Veterans’ Week marks the 100th Anniversary of the Battle of Passchendaele
On a muddy battlefield in northwest Belgium, Canadians overcame almost unimaginable hardships to win an impressive victory in the fall of 1917.
–Veterans Affairs Canada
As Canadians mark Veterans’ Week this November 5 to 11, particular attention is being paid to the Battle of Passchendaele, which raged in Belgium during the First World War from July 31 to November 10, 1917.
Passchendaele is one of those names from Canada’s First World War military heritage that stirs emotions to this day. In the fall of 1917, the Canadian Corps—after its great success at Vimy Ridge that April—was sent north to Belgium to relieve the battered Australian and New Zealand forces and take part in the final push to capture Passchendaele.
The Canadian offensive began on October 26. Advancing through the mud and enemy fire was slow and there were heavy losses but our soldiers clawed their way forward. On an exposed battlefield like that one, success was often only made possible due to acts of great individual heroism to get past spots of particularly stiff enemy resistance. Despite the adversity, the Canadians reached the outskirts of Passchendaele by the end of a second attack on October 30 during a driving rainstorm.
On November 6, the Canadians and British launched the assault to capture the ruined village of Passchendaele itself. In heavy fighting, the attack went according to plan. The task of actually capturing the “infamous” village fell to the 27th (City of Winnipeg) Battalion and they took it that day. After weathering fierce enemy counterattacks, the last phase of the battle saw the Canadians attack on November 10 and clear the Germans from the eastern edge of Passchendaele Ridge before the campaign finally ground to a halt. Canadian soldiers had succeeded in the face of almost unbelievable challenges.

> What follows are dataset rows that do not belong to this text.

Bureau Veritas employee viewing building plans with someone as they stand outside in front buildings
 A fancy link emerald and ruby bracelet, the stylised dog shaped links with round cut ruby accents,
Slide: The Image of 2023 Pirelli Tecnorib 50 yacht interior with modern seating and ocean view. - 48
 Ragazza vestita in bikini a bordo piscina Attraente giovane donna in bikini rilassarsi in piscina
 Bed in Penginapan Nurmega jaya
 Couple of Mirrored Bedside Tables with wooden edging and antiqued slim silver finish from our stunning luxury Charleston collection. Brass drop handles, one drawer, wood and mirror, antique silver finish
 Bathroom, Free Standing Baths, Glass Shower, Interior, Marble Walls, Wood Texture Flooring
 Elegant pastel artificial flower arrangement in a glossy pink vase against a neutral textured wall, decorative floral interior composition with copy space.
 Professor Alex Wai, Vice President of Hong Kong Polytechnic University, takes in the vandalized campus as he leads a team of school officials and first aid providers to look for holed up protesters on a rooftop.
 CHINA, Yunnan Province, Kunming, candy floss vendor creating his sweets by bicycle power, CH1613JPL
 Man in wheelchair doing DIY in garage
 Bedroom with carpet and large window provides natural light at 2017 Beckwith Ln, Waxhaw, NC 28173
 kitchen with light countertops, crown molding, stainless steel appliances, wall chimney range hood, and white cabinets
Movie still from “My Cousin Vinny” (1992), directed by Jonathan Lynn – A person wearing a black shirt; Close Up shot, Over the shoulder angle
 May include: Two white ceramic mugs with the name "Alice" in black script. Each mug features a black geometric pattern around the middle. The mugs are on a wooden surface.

Canada’s great victory at Passchendaele came at a high price. More than 4000 Canadian soldiers died and almost 12 000 were wounded.
The some 100 000 members of the Canadian Corps who took part in the battle were among the over 650 000 men and women from Canada who served in uniform during the First World War, a war in which a total of more than 66 000 Canadians lost their lives.
This year marks the 100th anniversary of the battle and sacrifices and achievements of those who gave so much will never be forgotten.
A Canadian delegation will be attending commemorative events in the Flanders region of Belgium from November 8-12, to mark the centennial of this major First World War battle.